Work order:
The expected answer is a bare count of the lines in the data below that contain "Image".
#### Data ####
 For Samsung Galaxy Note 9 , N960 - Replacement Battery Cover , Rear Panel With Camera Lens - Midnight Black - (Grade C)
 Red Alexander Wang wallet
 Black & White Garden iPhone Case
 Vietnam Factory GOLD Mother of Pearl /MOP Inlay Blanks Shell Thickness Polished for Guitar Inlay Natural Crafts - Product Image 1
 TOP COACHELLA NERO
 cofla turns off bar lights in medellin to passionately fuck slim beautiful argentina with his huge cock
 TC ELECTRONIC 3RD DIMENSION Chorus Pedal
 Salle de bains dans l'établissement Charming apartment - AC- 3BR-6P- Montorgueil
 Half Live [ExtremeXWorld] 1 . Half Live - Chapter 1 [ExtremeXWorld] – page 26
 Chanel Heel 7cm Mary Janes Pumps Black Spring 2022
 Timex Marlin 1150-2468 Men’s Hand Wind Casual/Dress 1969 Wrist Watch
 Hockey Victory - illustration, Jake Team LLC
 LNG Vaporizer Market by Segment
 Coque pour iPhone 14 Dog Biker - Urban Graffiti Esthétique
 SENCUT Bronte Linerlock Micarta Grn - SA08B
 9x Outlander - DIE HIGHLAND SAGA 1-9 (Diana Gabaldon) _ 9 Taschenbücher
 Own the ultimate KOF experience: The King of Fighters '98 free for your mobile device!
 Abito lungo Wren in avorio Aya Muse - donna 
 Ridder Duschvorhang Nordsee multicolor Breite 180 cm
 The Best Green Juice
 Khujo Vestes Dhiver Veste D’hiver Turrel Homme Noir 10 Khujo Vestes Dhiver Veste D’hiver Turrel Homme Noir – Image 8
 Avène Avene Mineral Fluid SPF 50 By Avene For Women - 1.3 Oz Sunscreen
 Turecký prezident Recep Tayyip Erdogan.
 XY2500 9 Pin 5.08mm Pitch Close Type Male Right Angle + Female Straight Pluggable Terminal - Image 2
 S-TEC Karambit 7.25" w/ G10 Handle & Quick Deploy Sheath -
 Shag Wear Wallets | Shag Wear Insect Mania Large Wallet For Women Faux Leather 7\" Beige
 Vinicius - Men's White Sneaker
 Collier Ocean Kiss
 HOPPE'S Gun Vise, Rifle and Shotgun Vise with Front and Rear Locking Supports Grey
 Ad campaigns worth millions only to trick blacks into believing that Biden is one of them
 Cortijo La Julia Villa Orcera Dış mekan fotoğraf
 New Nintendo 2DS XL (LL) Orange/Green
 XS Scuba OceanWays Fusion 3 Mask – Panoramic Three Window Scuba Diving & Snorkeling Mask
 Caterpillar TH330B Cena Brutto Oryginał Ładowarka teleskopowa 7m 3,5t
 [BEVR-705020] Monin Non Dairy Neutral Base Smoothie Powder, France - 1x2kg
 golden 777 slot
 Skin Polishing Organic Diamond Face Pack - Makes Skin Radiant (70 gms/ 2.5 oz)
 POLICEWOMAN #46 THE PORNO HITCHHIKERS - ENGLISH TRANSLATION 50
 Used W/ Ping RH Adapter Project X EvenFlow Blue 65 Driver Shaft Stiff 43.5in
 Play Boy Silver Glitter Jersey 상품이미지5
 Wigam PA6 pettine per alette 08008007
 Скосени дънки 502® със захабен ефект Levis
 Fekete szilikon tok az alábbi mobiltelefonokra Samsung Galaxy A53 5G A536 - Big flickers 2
####
Answer to the problem:
3